» Exercise aim
Using the records below, output the stretch that opens with the line containing "Petarung putri Indonesia" and closes with the line containing "Sleeper Tractor-Heavy Duty", exactly and including both lines, with nothing more.

» Dataset content
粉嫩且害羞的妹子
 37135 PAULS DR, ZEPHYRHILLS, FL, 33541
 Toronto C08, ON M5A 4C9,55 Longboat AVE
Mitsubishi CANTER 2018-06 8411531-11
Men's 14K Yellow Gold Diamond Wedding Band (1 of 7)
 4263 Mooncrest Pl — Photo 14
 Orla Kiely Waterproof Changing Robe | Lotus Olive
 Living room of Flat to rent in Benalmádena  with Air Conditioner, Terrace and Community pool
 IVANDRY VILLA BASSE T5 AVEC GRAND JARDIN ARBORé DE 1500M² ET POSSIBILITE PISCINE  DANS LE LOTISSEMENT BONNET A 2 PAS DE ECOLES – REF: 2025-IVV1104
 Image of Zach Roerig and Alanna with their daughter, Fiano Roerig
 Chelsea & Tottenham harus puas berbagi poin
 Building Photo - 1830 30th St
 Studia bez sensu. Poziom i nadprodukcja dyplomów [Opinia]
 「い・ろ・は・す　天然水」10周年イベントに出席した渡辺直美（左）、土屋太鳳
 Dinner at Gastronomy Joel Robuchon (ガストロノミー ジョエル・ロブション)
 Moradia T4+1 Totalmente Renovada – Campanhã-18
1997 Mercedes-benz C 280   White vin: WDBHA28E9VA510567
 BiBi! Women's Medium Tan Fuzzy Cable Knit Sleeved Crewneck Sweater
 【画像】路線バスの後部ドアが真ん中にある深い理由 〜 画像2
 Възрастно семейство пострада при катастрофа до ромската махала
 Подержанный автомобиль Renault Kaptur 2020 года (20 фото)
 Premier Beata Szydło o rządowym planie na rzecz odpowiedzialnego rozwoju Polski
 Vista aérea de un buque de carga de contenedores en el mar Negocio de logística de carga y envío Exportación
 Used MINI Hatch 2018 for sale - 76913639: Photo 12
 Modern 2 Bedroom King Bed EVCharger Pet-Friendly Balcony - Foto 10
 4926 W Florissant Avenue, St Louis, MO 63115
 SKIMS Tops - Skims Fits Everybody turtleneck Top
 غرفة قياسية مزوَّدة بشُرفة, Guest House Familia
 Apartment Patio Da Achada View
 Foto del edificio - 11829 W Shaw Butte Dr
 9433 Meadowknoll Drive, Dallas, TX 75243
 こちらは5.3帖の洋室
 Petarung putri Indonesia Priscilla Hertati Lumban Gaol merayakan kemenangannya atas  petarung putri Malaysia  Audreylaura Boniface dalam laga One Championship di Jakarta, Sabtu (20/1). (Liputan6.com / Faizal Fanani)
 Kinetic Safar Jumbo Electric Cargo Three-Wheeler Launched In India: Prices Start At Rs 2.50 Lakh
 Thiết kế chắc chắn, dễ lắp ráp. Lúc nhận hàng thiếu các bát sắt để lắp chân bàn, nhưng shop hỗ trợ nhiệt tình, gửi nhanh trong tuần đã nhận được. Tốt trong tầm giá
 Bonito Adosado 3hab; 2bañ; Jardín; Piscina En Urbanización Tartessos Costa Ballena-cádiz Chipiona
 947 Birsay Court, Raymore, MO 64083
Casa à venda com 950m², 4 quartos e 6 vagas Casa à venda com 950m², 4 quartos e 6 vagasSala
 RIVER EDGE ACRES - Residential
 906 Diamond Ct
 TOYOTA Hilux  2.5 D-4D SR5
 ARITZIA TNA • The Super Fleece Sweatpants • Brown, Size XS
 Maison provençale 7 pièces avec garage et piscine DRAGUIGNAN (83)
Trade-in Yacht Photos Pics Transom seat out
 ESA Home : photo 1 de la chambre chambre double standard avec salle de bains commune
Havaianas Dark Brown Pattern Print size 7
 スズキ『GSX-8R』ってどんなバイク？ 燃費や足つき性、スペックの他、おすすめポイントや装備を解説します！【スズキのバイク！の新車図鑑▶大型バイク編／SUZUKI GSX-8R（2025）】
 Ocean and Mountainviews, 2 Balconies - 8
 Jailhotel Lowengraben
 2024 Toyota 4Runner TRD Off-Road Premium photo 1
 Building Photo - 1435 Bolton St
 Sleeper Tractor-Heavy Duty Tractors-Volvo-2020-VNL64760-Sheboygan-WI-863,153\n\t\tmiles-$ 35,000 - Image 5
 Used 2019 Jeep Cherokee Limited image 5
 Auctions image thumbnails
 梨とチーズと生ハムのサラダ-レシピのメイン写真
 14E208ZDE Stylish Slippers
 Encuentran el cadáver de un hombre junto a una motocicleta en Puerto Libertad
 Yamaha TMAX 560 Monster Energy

» Your solution
 Petarung putri Indonesia Priscilla Hertati Lumban Gaol merayakan kemenangannya atas  petarung putri Malaysia  Audreylaura Boniface dalam laga One Championship di Jakarta, Sabtu (20/1). (Liputan6.com / Faizal Fanani)
 Kinetic Safar Jumbo Electric Cargo Three-Wheeler Launched In India: Prices Start At Rs 2.50 Lakh
 Thiết kế chắc chắn, dễ lắp ráp. Lúc nhận hàng thiếu các bát sắt để lắp chân bàn, nhưng shop hỗ trợ nhiệt tình, gửi nhanh trong tuần đã nhận được. Tốt trong tầm giá
 Bonito Adosado 3hab; 2bañ; Jardín; Piscina En Urbanización Tartessos Costa Ballena-cádiz Chipiona
 947 Birsay Court, Raymore, MO 64083
Casa à venda com 950m², 4 quartos e 6 vagas Casa à venda com 950m², 4 quartos e 6 vagasSala
 RIVER EDGE ACRES - Residential
 906 Diamond Ct
 TOYOTA Hilux  2.5 D-4D SR5
 ARITZIA TNA • The Super Fleece Sweatpants • Brown, Size XS
 Maison provençale 7 pièces avec garage et piscine DRAGUIGNAN (83)
Trade-in Yacht Photos Pics Transom seat out
 ESA Home : photo 1 de la chambre chambre double standard avec salle de bains commune
Havaianas Dark Brown Pattern Print size 7
 スズキ『GSX-8R』ってどんなバイク？ 燃費や足つき性、スペックの他、おすすめポイントや装備を解説します！【スズキのバイク！の新車図鑑▶大型バイク編／SUZUKI GSX-8R（2025）】
 Ocean and Mountainviews, 2 Balconies - 8
 Jailhotel Lowengraben
 2024 Toyota 4Runner TRD Off-Road Premium photo 1
 Building Photo - 1435 Bolton St
 Sleeper Tractor-Heavy Duty Tractors-Volvo-2020-VNL64760-Sheboygan-WI-863,153\n\t\tmiles-$ 35,000 - Image 5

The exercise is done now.